Plaintiffs argued that the special circumstances included that (i) the derivative and equity markets predicted the company would default on its debt, (ii) the company was highly leveraged, and (iii) the plan fiduciaries failed to properly investigate the continued prudence of the company stock or employ a reasoned decision-making process in evaluating the stock.  The court rejected plaintiffs’ argument that special circumstances existed, suggesting that special circumstances may be akin to accounting irregularities, misappropriation of inside information, or another action that affects the market’s reliability of a stock’s market price. 
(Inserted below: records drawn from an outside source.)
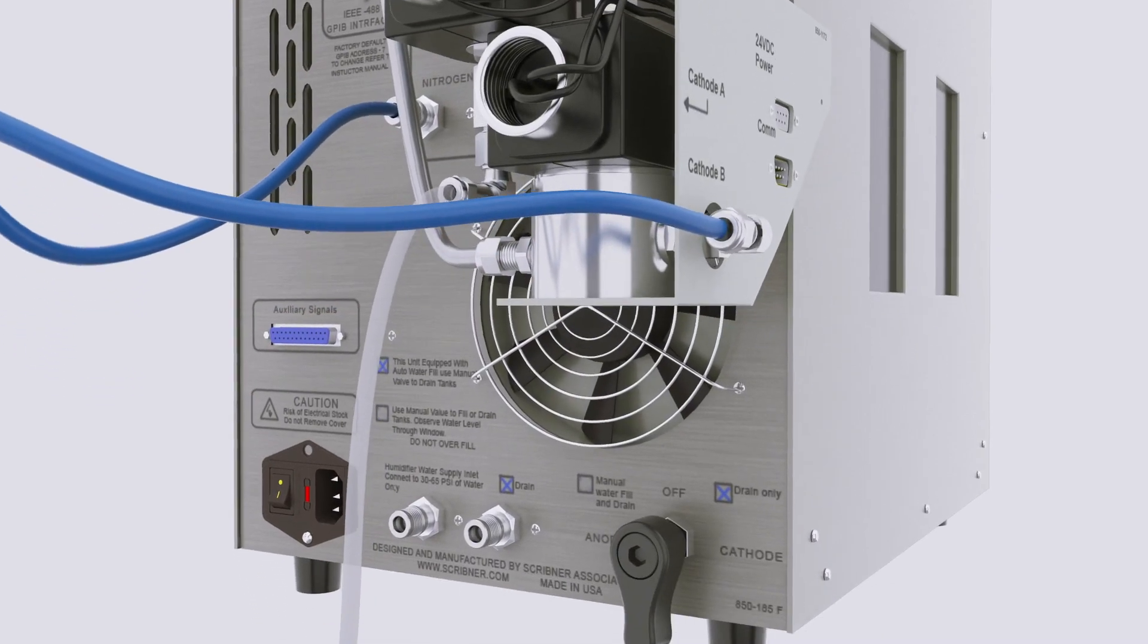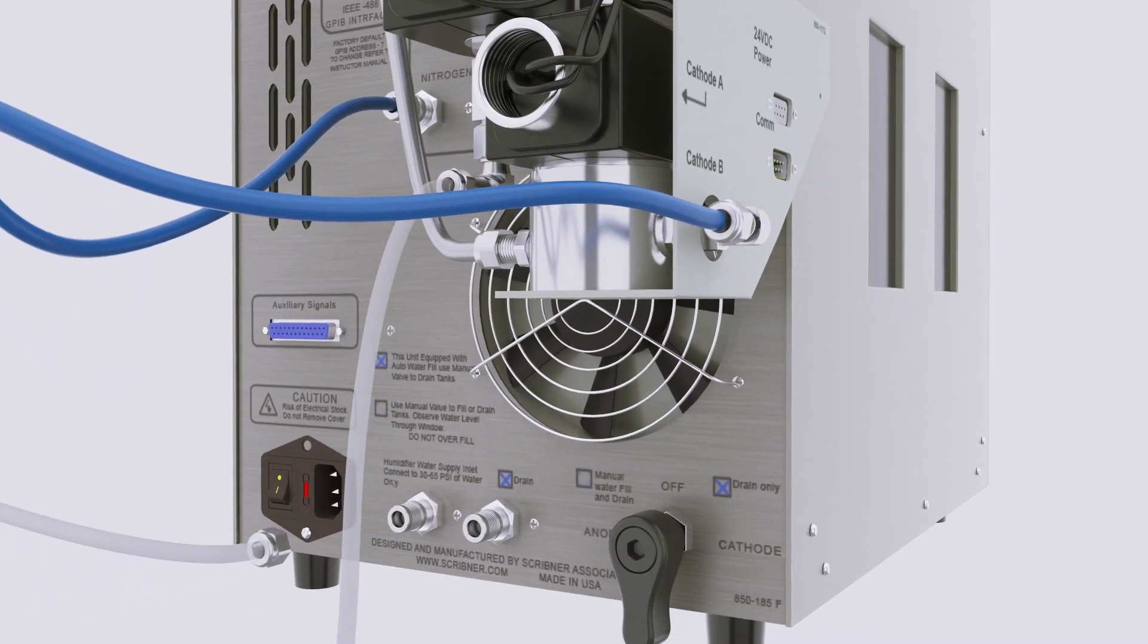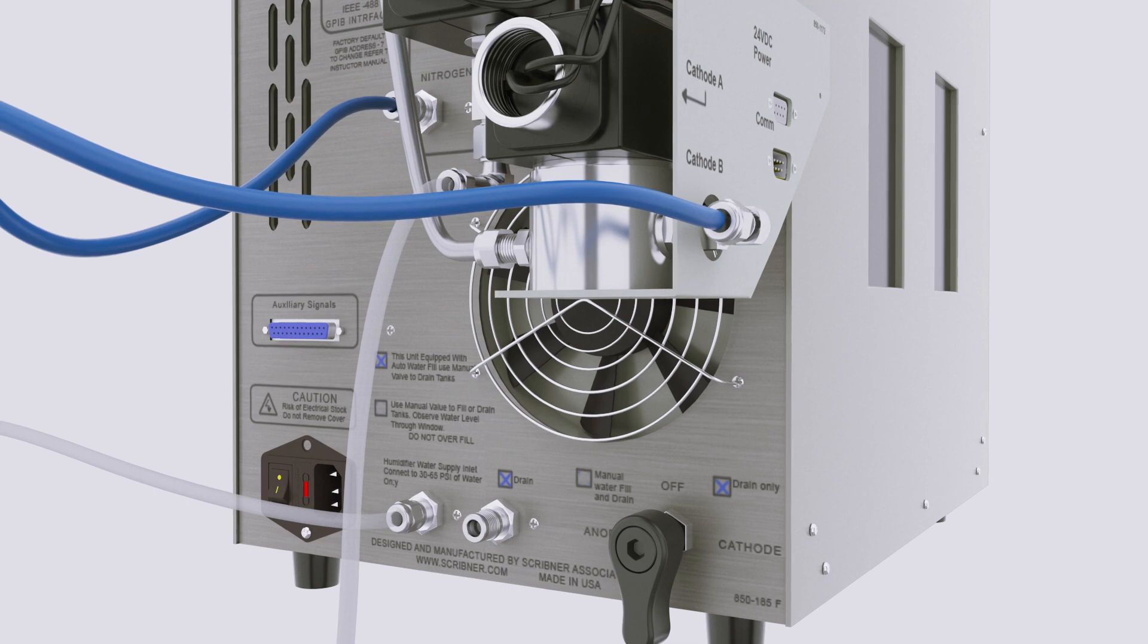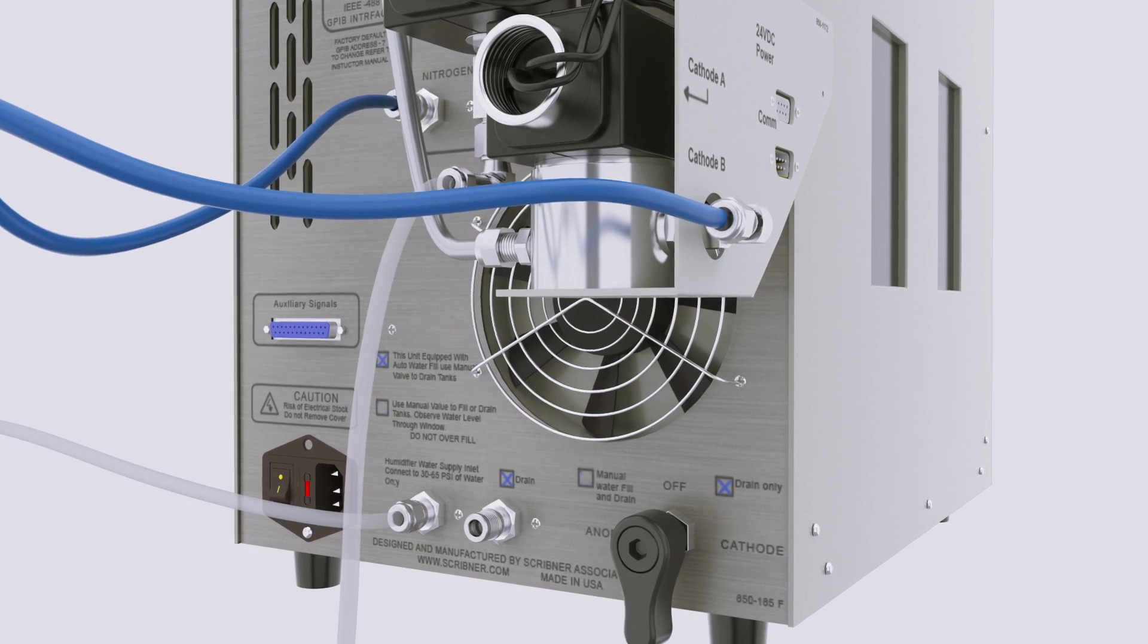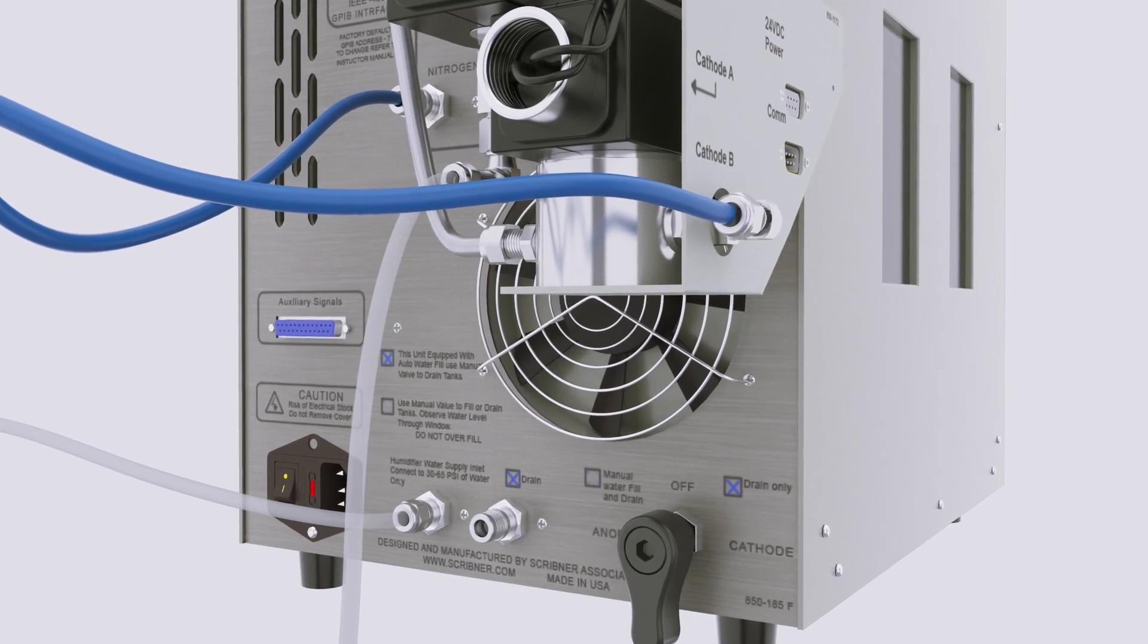Connect a source of pressurized DI water to the 850 water inlet port. Open the gas and water supplies.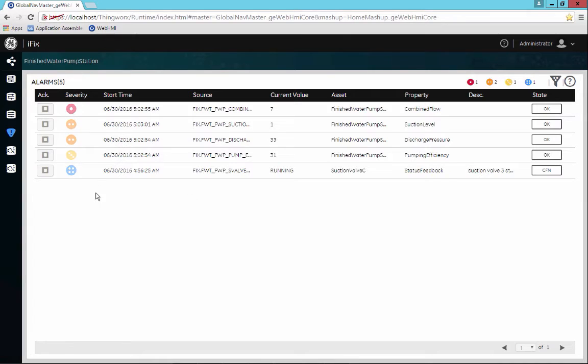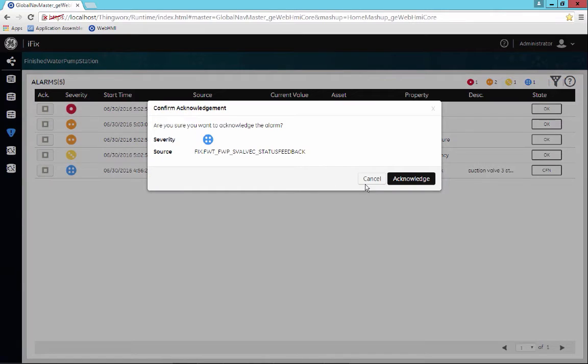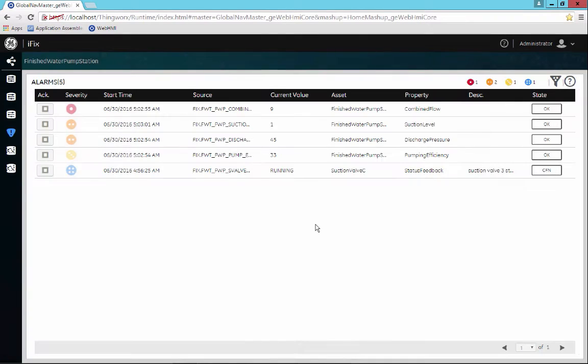You also have the ability to acknowledge alarms. That's done quite simply by selecting the checkbox and selecting Acknowledge or Cancel depending on what you want to do.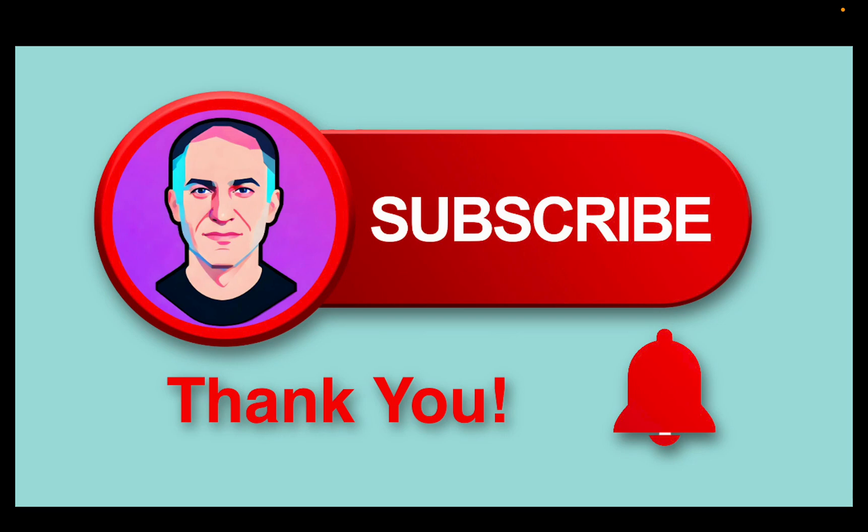If you are finding this tutorial helpful, consider subscribing to support the channel and inspire me to create more videos for you. Thank you.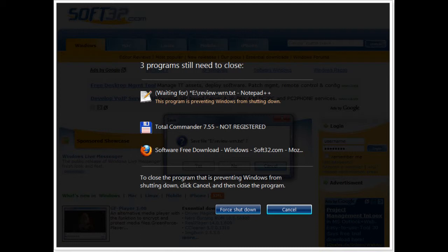There are multiple services running in the background and certain third-party applications running. Once you click on shutdown, if all those applications are currently running on your desktop, your system will notify you that these services and applications are currently in use before shutting down your computer.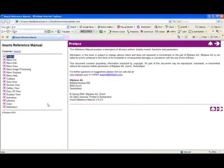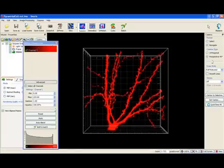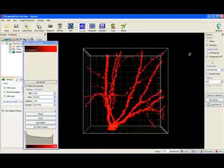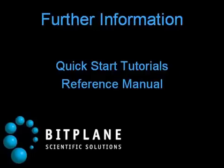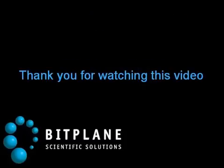Imaris also offers context sensitive help. Just right click on a given part of Imaris to get help about it. We would recommend watching the next Imaris video tutorials as they will walk you through other practical Imaris features. Thank you for watching this video.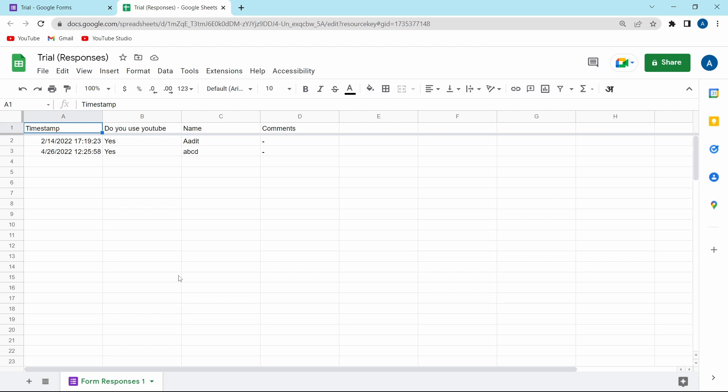And once it's linked, you won't have to go back to the form because you'll get all the responses over here. And this sheet will be in the account with which you'd created the form. And then like a normal Google Sheet, you can also share this with others.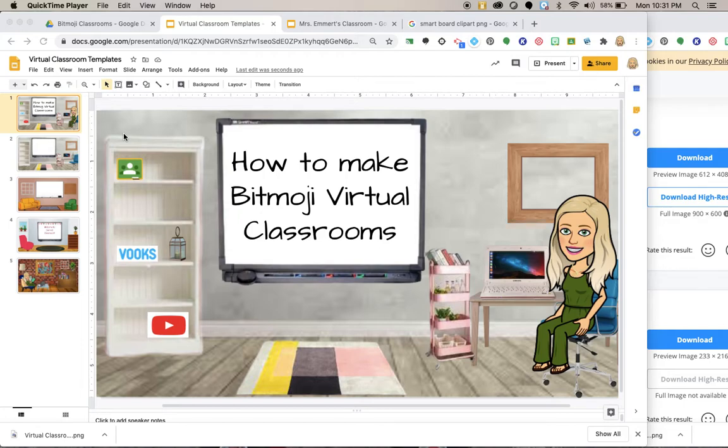Hello everyone. I thought I would go ahead and make a how-to on making Bitmoji virtual classrooms. This is so fun.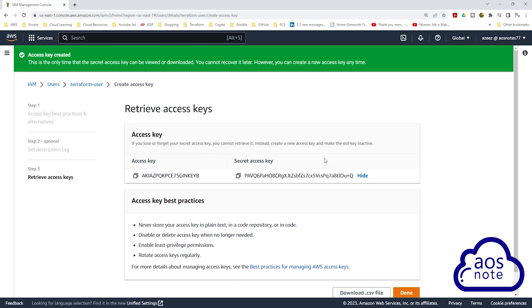Think of these credentials as your username and password. And anyone that has access to it can create resources in your AWS account.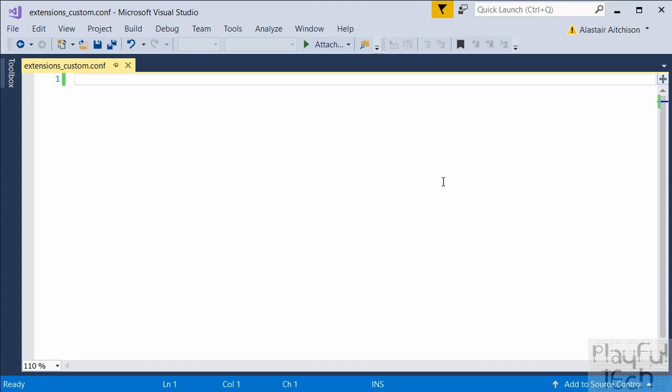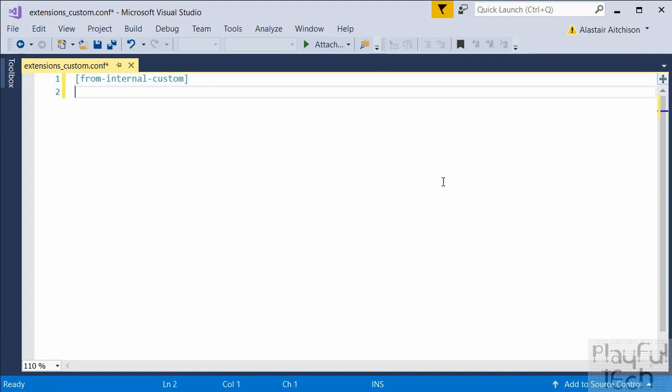The first bit of terminology to get the hang of is the context. The context is like the group that a set of rules belongs to — it tells Asterisk when a rule is going to be followed. The context we're going to use for our first extension is called the from-internal-custom context. It's custom because we're adding it, and from-internal because this rule is followed when a call is made from another internal extension number on the network.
With respect to their inside information claim, the plaintiffs alleged that (i) defendants made false and misleading statements regarding the company’s prospects that should have been corrected as part of a subsequent disclosure, (ii) contributions to the company stock fund should have been frozen, or (iii) the company should have provided full disclosure of material nonpublic information.  The court first held that the alleged false and misleading statements identified by plaintiffs amounted to mere puffery that was immaterial and did not require a corrective disclosure.  The court then held that plaintiffs’ claim otherwise failed because their complaint did not plausibly allege that insider information was withheld from the public.  Even assuming material information was withheld from the public, the court held that plaintiffs’ complaint did not plausibly allege that freezing contributions to the stock fund or disclosing nonpublic information would not do more harm than good.  Accordingly, the court dismissed plaintiffs’ complaint.